━━━ MATERIAL SHOWN

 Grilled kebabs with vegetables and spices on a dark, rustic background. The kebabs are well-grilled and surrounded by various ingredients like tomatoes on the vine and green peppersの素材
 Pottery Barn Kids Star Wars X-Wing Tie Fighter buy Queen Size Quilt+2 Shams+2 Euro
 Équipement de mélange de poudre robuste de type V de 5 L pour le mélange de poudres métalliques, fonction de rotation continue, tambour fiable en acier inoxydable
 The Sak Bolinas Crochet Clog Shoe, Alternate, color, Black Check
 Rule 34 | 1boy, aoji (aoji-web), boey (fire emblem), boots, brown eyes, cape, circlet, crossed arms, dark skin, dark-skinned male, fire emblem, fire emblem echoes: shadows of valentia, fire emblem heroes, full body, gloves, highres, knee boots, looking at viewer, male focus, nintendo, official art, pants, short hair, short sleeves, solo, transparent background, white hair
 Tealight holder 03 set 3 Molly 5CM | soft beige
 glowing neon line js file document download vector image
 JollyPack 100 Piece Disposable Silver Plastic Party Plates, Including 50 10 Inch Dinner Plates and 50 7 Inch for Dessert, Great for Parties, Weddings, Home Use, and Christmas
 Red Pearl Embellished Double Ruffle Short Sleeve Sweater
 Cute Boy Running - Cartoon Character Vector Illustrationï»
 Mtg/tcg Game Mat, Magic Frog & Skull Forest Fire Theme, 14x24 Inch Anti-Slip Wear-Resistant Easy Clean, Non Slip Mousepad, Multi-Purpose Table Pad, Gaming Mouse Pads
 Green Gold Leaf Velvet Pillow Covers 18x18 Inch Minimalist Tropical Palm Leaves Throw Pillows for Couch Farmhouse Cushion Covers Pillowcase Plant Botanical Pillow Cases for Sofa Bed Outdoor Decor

━━━━━━
━━━ MATERIAL SHOWN

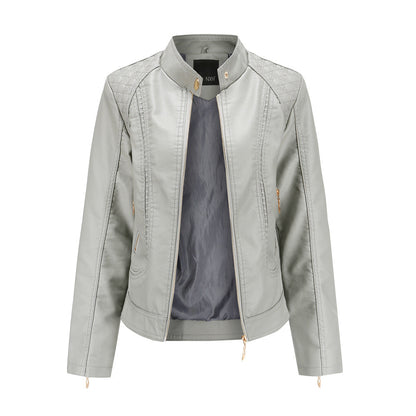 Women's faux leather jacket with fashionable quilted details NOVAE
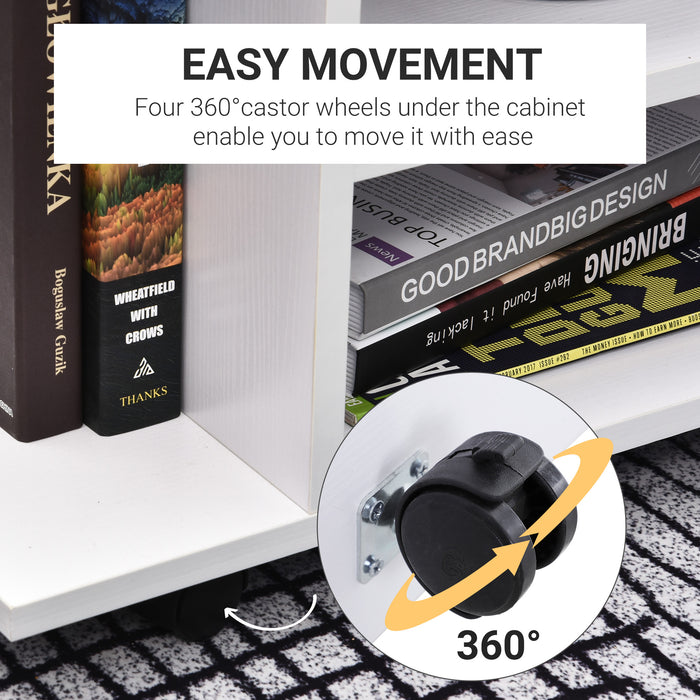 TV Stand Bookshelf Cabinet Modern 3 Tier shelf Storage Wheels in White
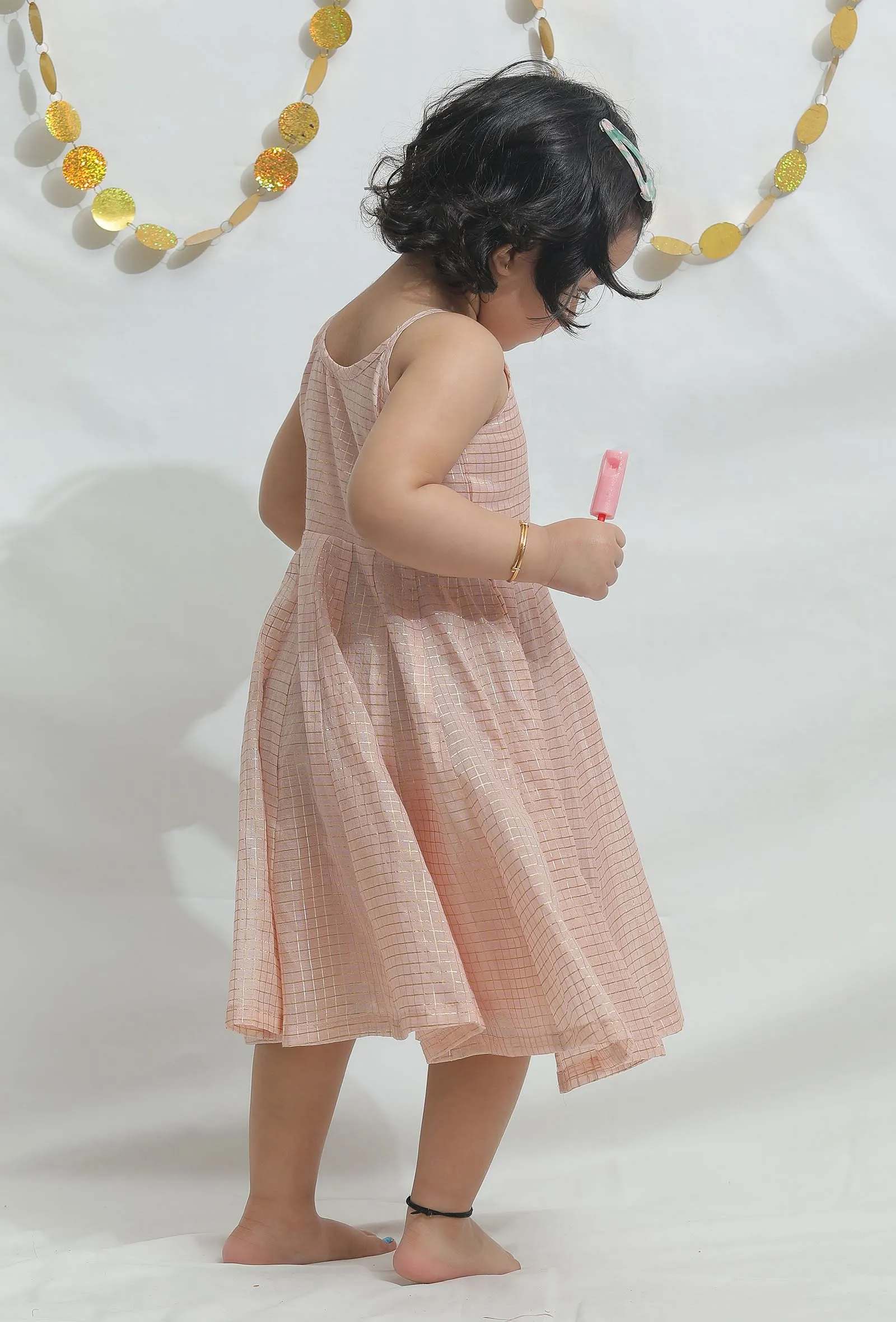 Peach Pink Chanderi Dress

━━━━━━
━━━ MATERIAL SHOWN

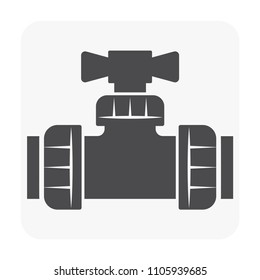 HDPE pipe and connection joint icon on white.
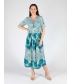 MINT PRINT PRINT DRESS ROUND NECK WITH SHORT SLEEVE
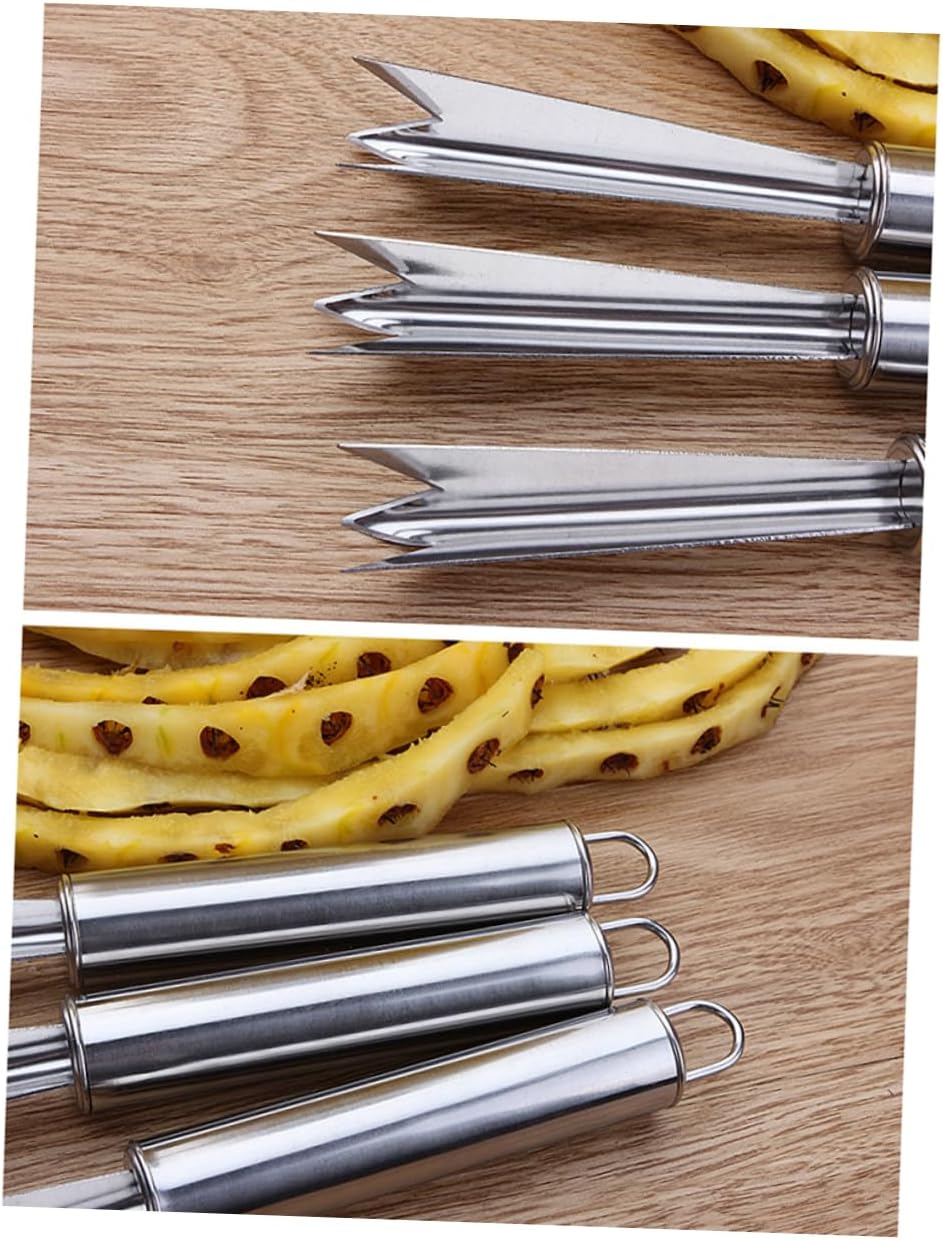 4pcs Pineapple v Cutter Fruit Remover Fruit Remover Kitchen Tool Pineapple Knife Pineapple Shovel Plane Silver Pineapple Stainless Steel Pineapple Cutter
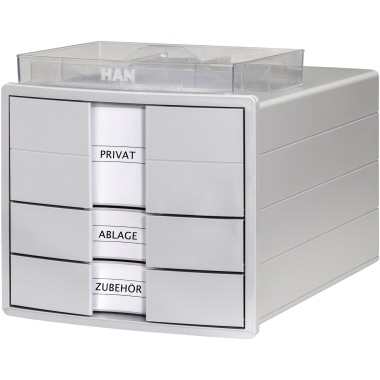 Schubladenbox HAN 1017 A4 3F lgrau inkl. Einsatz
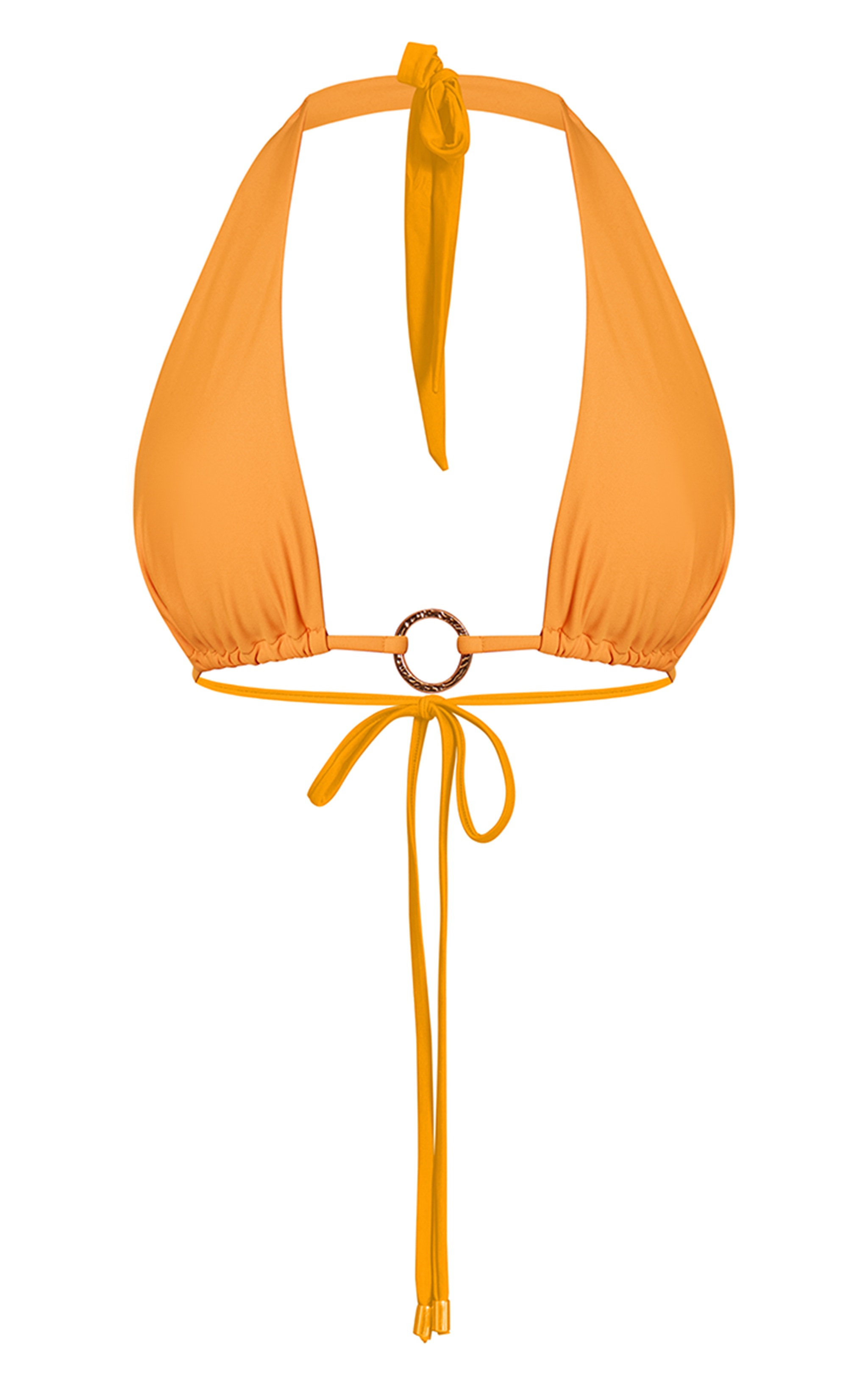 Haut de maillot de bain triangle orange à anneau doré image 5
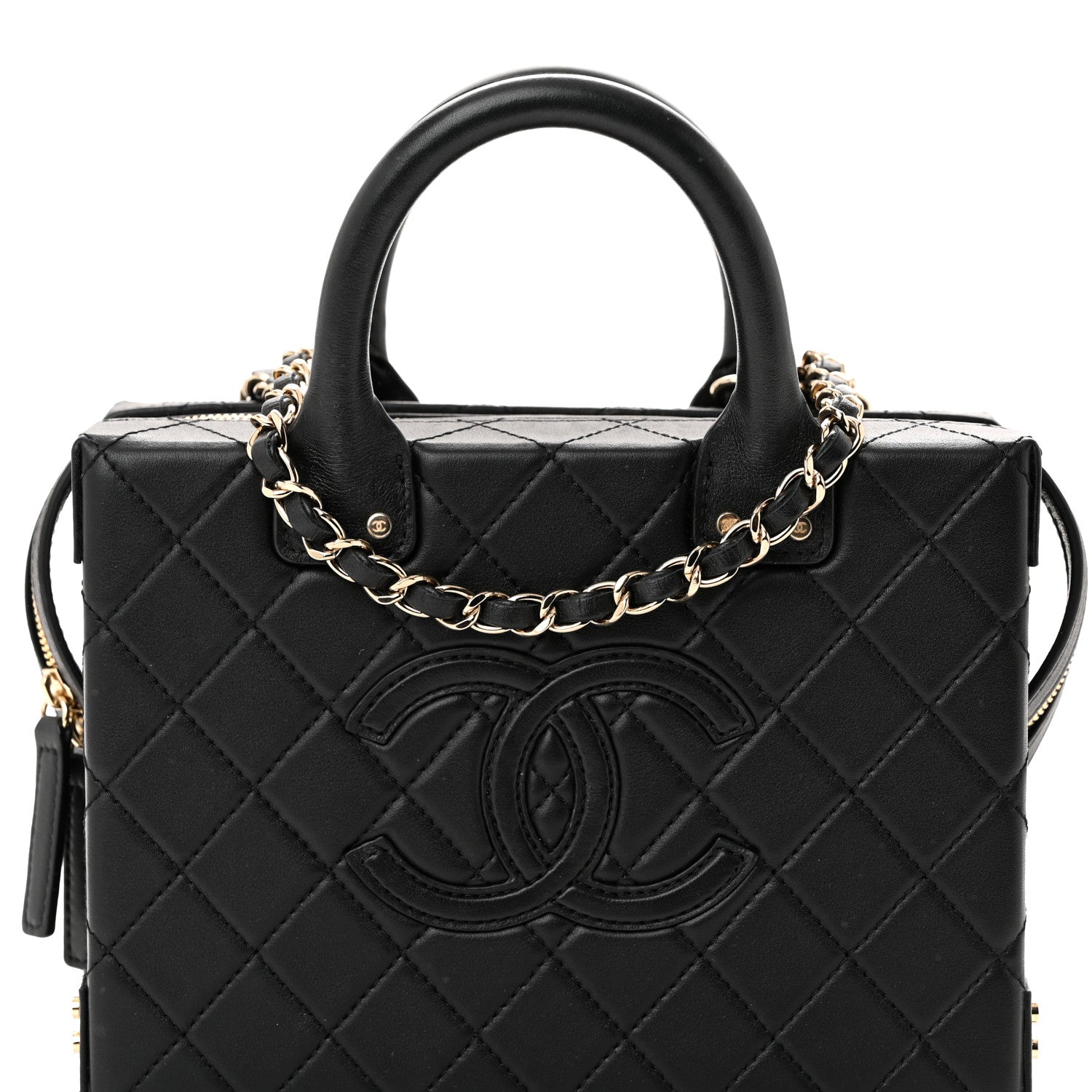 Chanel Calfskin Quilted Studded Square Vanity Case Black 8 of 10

━━━━━━

Find "Grilled kebabs with" in the entries above and copy that whole line exactly, then each line after it through the line that contains "Tealight holder 03".

 Grilled kebabs with vegetables and spices on a dark, rustic background. The kebabs are well-grilled and surrounded by various ingredients like tomatoes on the vine and green peppersの素材
 Pottery Barn Kids Star Wars X-Wing Tie Fighter buy Queen Size Quilt+2 Shams+2 Euro
 Équipement de mélange de poudre robuste de type V de 5 L pour le mélange de poudres métalliques, fonction de rotation continue, tambour fiable en acier inoxydable
 The Sak Bolinas Crochet Clog Shoe, Alternate, color, Black Check
 Rule 34 | 1boy, aoji (aoji-web), boey (fire emblem), boots, brown eyes, cape, circlet, crossed arms, dark skin, dark-skinned male, fire emblem, fire emblem echoes: shadows of valentia, fire emblem heroes, full body, gloves, highres, knee boots, looking at viewer, male focus, nintendo, official art, pants, short hair, short sleeves, solo, transparent background, white hair
 Tealight holder 03 set 3 Molly 5CM | soft beige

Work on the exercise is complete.